> **SUPPLIED INFORMATION**
-- Opening Marker --

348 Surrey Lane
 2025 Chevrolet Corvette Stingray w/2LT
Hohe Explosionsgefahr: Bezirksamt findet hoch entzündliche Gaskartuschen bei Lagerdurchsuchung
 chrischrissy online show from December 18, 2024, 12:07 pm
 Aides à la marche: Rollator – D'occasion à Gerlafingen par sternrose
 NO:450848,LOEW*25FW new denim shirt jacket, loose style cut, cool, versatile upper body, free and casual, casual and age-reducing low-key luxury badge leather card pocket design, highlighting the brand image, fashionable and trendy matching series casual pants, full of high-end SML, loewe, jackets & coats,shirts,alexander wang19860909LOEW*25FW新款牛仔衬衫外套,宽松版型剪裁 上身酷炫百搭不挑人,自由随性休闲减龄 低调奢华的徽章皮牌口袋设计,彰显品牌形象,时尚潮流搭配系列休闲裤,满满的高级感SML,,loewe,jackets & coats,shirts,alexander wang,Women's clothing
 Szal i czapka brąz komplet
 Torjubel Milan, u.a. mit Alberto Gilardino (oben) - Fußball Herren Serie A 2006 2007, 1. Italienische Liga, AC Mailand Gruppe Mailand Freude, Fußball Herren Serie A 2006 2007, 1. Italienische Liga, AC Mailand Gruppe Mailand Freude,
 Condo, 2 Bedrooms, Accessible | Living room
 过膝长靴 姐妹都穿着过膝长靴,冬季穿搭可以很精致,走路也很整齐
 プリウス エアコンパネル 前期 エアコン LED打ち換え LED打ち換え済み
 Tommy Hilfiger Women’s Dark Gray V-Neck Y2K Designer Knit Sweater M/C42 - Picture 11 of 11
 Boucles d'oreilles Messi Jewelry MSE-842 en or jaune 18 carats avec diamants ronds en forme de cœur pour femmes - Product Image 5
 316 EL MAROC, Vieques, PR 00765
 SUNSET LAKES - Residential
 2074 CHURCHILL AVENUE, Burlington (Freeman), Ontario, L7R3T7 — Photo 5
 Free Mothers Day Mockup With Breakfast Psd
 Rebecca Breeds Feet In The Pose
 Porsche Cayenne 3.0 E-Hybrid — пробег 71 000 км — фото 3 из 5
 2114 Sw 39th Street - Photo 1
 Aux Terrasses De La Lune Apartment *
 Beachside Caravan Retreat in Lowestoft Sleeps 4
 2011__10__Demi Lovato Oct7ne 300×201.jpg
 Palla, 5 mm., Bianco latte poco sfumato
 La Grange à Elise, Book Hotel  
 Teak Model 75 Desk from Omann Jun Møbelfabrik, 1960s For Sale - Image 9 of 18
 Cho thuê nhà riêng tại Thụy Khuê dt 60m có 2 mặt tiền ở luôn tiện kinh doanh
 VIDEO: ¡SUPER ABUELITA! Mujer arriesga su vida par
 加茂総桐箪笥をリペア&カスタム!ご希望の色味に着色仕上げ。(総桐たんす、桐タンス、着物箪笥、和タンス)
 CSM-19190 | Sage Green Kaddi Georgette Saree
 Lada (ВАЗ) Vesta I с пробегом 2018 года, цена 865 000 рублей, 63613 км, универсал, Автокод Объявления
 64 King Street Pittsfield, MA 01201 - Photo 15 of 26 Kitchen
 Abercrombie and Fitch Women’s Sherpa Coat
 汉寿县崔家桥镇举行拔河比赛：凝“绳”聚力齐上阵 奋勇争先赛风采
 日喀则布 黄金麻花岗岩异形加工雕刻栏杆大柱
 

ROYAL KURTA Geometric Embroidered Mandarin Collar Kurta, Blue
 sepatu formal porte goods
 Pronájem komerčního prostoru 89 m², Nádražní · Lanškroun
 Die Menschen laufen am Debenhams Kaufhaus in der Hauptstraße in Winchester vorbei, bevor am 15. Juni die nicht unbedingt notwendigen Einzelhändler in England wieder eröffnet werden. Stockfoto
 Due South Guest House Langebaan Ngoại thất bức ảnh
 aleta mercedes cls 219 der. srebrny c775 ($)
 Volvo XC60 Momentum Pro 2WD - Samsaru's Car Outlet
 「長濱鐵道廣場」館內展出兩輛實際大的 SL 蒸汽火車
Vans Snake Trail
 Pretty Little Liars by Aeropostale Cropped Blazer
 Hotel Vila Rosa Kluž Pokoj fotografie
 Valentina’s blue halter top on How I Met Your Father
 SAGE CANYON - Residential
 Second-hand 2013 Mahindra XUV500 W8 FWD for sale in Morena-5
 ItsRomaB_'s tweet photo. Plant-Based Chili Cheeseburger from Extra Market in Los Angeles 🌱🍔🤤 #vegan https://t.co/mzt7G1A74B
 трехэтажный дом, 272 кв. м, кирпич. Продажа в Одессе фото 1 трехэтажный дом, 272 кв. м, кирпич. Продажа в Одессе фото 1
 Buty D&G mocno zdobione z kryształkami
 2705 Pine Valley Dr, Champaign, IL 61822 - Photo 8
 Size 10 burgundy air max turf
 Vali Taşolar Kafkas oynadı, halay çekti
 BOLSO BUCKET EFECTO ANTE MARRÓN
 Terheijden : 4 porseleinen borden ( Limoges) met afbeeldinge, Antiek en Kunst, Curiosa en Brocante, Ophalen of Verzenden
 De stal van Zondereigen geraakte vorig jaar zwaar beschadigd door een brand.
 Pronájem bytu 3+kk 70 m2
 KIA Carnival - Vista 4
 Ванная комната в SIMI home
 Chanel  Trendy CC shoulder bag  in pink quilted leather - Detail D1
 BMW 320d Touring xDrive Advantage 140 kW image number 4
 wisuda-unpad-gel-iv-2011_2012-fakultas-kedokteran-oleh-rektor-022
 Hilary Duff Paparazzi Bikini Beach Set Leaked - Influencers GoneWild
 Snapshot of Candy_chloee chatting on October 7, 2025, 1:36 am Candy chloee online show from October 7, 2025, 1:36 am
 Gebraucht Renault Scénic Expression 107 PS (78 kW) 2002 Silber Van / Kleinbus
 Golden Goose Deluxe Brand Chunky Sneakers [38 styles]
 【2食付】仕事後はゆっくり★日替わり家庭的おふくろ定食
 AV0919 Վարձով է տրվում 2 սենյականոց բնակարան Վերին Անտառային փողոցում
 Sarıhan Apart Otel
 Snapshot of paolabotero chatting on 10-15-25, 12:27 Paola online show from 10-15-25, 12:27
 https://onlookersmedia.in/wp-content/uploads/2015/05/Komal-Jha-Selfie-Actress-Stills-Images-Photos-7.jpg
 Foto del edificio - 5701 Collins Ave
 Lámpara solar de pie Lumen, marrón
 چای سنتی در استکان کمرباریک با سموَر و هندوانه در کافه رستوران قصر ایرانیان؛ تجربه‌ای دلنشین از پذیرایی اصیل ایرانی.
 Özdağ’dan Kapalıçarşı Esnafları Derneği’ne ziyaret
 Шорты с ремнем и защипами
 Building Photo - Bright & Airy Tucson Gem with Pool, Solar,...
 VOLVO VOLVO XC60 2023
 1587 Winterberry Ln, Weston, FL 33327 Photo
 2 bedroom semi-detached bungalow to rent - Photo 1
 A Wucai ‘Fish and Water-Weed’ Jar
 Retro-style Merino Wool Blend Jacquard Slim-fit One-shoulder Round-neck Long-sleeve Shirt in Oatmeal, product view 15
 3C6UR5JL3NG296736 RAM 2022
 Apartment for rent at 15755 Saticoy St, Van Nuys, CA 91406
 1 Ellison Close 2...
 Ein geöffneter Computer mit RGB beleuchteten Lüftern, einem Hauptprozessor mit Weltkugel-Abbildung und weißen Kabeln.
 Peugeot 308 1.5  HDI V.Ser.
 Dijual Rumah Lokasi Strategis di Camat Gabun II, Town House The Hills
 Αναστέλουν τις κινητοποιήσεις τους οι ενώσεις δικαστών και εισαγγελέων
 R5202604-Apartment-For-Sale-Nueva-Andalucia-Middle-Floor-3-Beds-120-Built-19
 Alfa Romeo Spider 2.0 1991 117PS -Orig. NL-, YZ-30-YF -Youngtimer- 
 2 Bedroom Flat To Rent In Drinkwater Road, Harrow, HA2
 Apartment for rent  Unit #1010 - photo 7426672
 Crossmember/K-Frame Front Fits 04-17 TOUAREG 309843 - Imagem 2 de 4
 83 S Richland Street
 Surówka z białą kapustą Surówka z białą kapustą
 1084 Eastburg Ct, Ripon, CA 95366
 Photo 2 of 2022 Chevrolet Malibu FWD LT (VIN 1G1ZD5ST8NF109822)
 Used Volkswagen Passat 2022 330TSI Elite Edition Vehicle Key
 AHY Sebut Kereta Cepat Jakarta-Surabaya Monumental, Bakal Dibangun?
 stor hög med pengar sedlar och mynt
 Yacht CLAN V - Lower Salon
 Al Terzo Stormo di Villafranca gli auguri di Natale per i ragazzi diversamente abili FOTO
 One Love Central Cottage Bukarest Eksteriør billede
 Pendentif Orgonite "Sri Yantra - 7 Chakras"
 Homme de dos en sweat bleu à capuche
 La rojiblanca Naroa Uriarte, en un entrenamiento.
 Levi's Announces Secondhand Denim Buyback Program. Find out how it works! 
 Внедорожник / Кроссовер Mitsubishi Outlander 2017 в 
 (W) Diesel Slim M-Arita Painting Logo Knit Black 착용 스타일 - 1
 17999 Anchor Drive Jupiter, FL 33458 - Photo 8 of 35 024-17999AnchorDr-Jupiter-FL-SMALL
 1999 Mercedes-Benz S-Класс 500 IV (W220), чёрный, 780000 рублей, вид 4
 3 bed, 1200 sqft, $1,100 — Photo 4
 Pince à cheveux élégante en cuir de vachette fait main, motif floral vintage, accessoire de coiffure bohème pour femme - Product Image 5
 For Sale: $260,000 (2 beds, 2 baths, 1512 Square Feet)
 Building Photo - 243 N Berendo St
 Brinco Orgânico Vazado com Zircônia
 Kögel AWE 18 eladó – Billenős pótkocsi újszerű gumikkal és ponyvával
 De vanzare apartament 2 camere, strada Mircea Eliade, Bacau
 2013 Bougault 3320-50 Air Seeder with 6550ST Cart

-- Closing Marker --

> **TASK REQUIREMENTS**
What is asked for is an exact copy of the lines above from the one containing "Alfa Romeo Spider" through the one containing "3 bed, 1200 sqft, $1,100 — Photo 4", and only those.

> **EXERCISE OUTPUT**
 Alfa Romeo Spider 2.0 1991 117PS -Orig. NL-, YZ-30-YF -Youngtimer- 
 2 Bedroom Flat To Rent In Drinkwater Road, Harrow, HA2
 Apartment for rent  Unit #1010 - photo 7426672
 Crossmember/K-Frame Front Fits 04-17 TOUAREG 309843 - Imagem 2 de 4
 83 S Richland Street
 Surówka z białą kapustą Surówka z białą kapustą
 1084 Eastburg Ct, Ripon, CA 95366
 Photo 2 of 2022 Chevrolet Malibu FWD LT (VIN 1G1ZD5ST8NF109822)
 Used Volkswagen Passat 2022 330TSI Elite Edition Vehicle Key
 AHY Sebut Kereta Cepat Jakarta-Surabaya Monumental, Bakal Dibangun?
 stor hög med pengar sedlar och mynt
 Yacht CLAN V - Lower Salon
 Al Terzo Stormo di Villafranca gli auguri di Natale per i ragazzi diversamente abili FOTO
 One Love Central Cottage Bukarest Eksteriør billede
 Pendentif Orgonite "Sri Yantra - 7 Chakras"
 Homme de dos en sweat bleu à capuche
 La rojiblanca Naroa Uriarte, en un entrenamiento.
 Levi's Announces Secondhand Denim Buyback Program. Find out how it works! 
 Внедорожник / Кроссовер Mitsubishi Outlander 2017 в 
 (W) Diesel Slim M-Arita Painting Logo Knit Black 착용 스타일 - 1
 17999 Anchor Drive Jupiter, FL 33458 - Photo 8 of 35 024-17999AnchorDr-Jupiter-FL-SMALL
 1999 Mercedes-Benz S-Класс 500 IV (W220), чёрный, 780000 рублей, вид 4
 3 bed, 1200 sqft, $1,100 — Photo 4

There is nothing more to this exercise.